• Captioned web image data
= = = = = = =

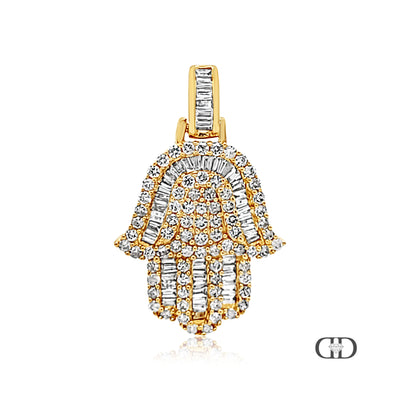 gold diamond hamsa pendant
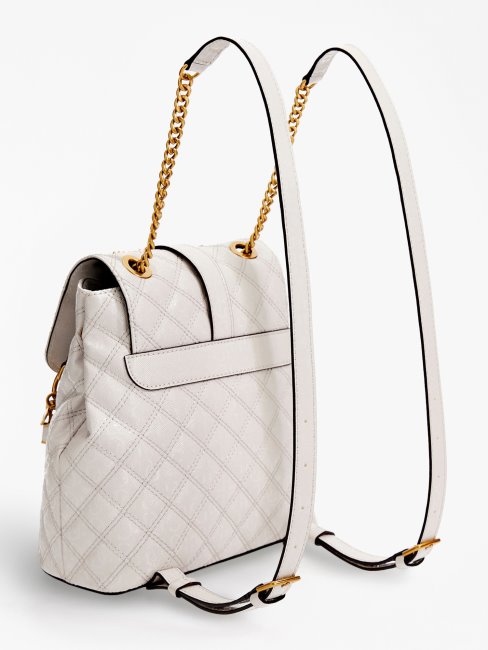 Guess Gaia 4g Logo Mini Sac à Dos Blanc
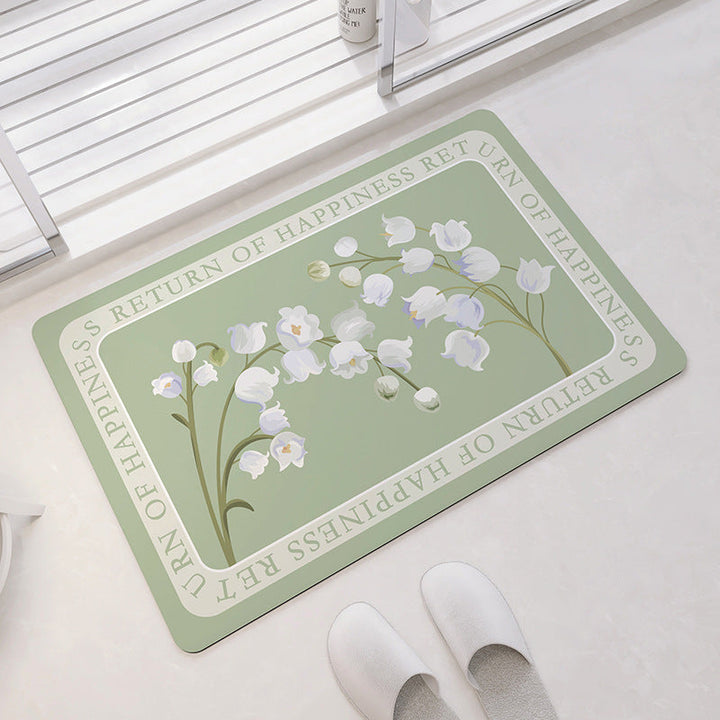 Oval Floral Pattern Bath Mat Kalsten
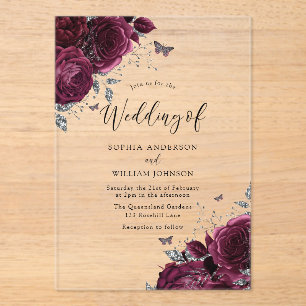 Invitations En Acrylique Roses Bourgogne Maroon Avec Mariage Élégant Argent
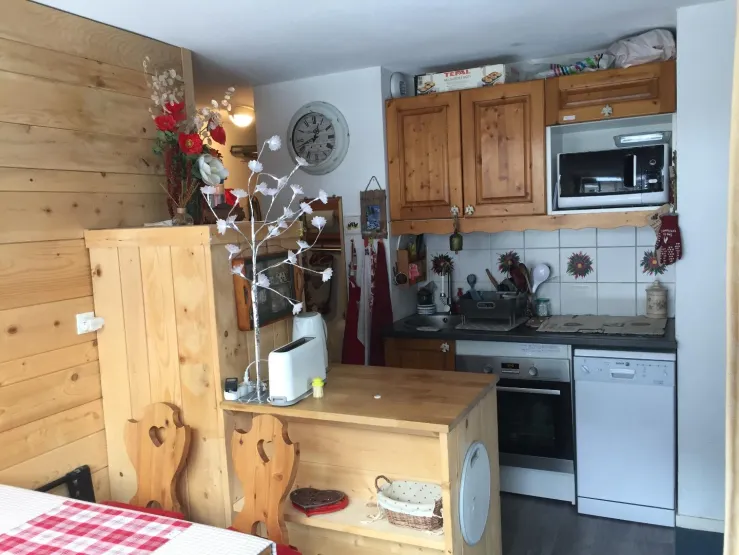 kitchen corner (vieed from the diner cordner), with oven (cold door), micro-wave, vitro-ceram, dish washer, large fridge with freezing compartment, kettle, toaster, 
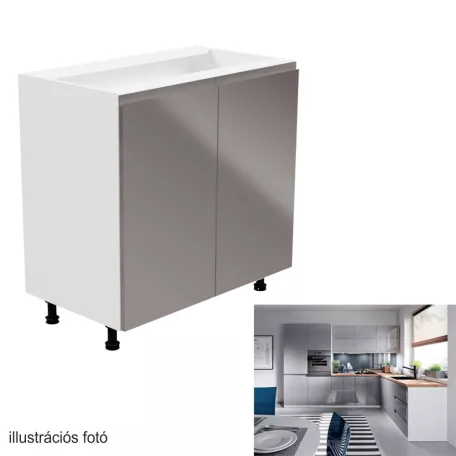 Alsószekrény, fehér/szürke extra magasfényű, AURORA D80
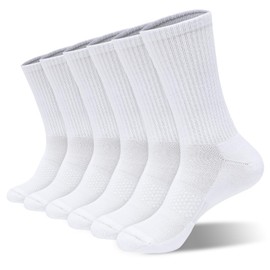Leguper 6 Pack Mens Crew Socks - Combed Cotton Cushioned Athletic Work & Running Socks for Men, Anti-Blister Sport Socks(White,9XL)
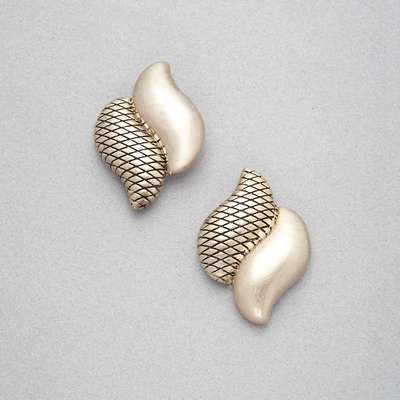 Gold Button Earring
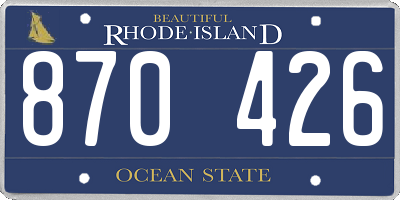 RI license plate 870426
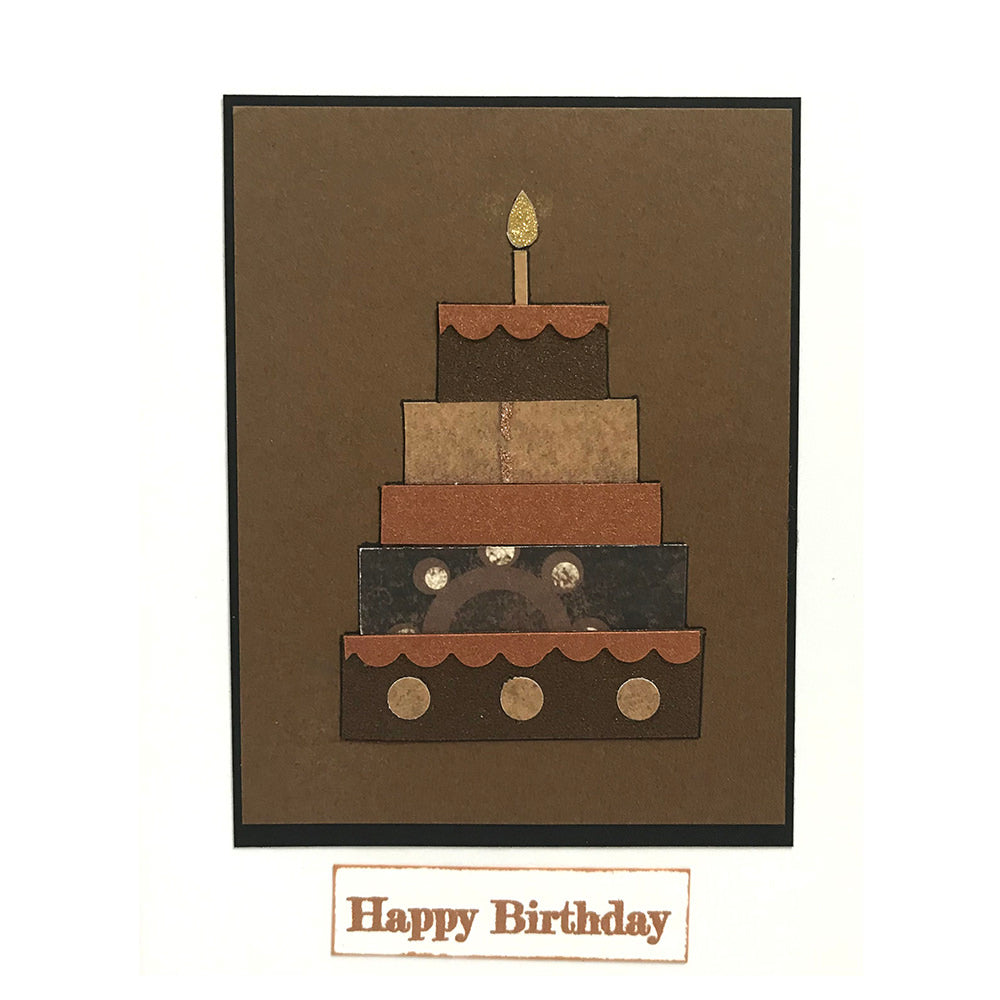 Birthday Greeting Card (Brown and Copper)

= = = = = = =

• WORK REQUIRED
Reproduce the records in full and leave the images behind.

• RESULT
 gold diamond hamsa pendant
 Guess Gaia 4g Logo Mini Sac à Dos Blanc
 Oval Floral Pattern Bath Mat Kalsten
 Invitations En Acrylique Roses Bourgogne Maroon Avec Mariage Élégant Argent
 kitchen corner (vieed from the diner cordner), with oven (cold door), micro-wave, vitro-ceram, dish washer, large fridge with freezing compartment, kettle, toaster, 
 Alsószekrény, fehér/szürke extra magasfényű, AURORA D80
Leguper 6 Pack Mens Crew Socks - Combed Cotton Cushioned Athletic Work & Running Socks for Men, Anti-Blister Sport Socks(White,9XL)
 Gold Button Earring
 RI license plate 870426
 Birthday Greeting Card (Brown and Copper)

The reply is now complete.